There followed a brief conversation in which I tried to explain that this wasn’t suitable for such a fantastic drink. It would be like going to the Nurburgring and going round it on a 125 Honda. It would still be a bit of fun but not what it should be. So me, and she, scoured the rows of glasses until I saw a little wine glass that was something a little more appropriate for the drink.

This glass was more like the glasses used by blenders the world over (Which is called the Copita) but it wasn’t an actual Copita glass. This would have been a 600cc when in reality we are wanting a V8 four wheeler.

So what would a 4 wheeler Whiskey glass be like? Well there is a very good reason why the professional experts use those little stemmed glasses. They are pretty much perfect for everything a higher end whiskey requires. Stemmed so the hand doesn’t warm the liquid. Wider at the bottom bowl narrowing to the top, this allows the alcohol vapours to lift the smell and concentrate it for nosing. Petite so as not to take to big a gulp and over cook the tasting. The disadvantage is they are rather fragile and not very cheap, two things that dissuade a bar owner from buying them. For me however they are the F1 of Whiskey glasses.

So what about the usual Whiskey tumbler? Well it is perfectly fine for what it usually does. Measure of whiskey, ice, and mixer, or even two. It can also hold a wee umbrella with a cherry at the end. It is a cocktail glass, in my eyes, and for basic whiskey to be used as a base spirit for cocktails. If you are having a decent, high end drink and throw all that sweetener (That’s really all the cokes and red bulls etc. are) then I have heard blenders say they would call for an execution.
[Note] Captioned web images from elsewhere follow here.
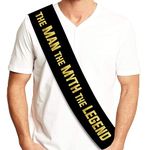 Groom Sash - The Man, The Myth, The Legend - Bachelor Party Supplies, Decorations, Ideas, Gifts, Jokes and Favors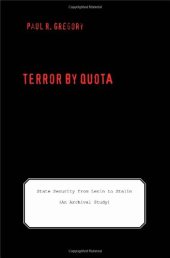 book Terror by Quota: State Security from Lenin to Stalin (an Archival Study) (The Yale-Hoover Series on Stalin, Stalinism, and the Cold War)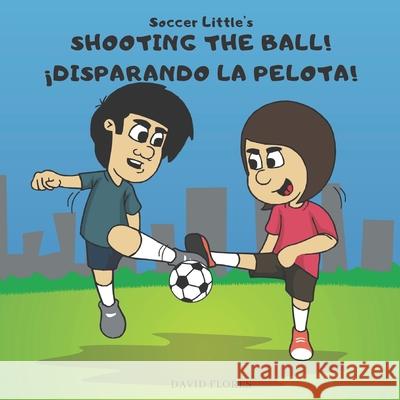 Soccer Little's Shooting the Ball!: ¡Disparando la pelota! David Antonio Flores 9781795869591 Independently Published - książka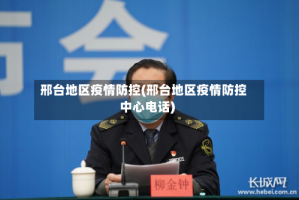 邢台地区疫情防控(邢台地区疫情防控中心电话)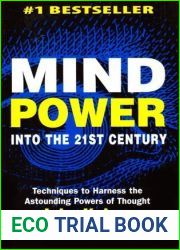 Mind Power Into the 21st Century: Techniques to Harness the Astounding Powers of Thought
Bit extreme in my eyes, I think a lengthy jail sentence would suffice but I can understand the the frustration of the Pros. Of course people prefer different things, and that is a wonderful thing, but with the vast array of flavours in Whiskey to just call for a “Whiskey and coke” is almost criminal. It instantly requires the classic tumbler and destroys the subtlety that the drink has. It almost forces the bars to only stock the wide mouth glasses and means the inexperienced staff will kill the flavour with ice. That is a cocktail, not a whiskey!

So what are acceptable alternatives? The Glencairn is a great invention, so much so, that it won The Queens Award for innovation in 2006. Its a lot more robust that the Copita and can take a knock, I can attest to this, having carried out numerous crash tests (Unintentionally) after a few swallys. They are readily available and are endorsed by the the Scotch Whisky Association. Pretty much every distillery sells them at the gift shop but they are much more than a gimmick, encompassing all the qualities of the Copita, I personally prefer the stem, but that’s just me.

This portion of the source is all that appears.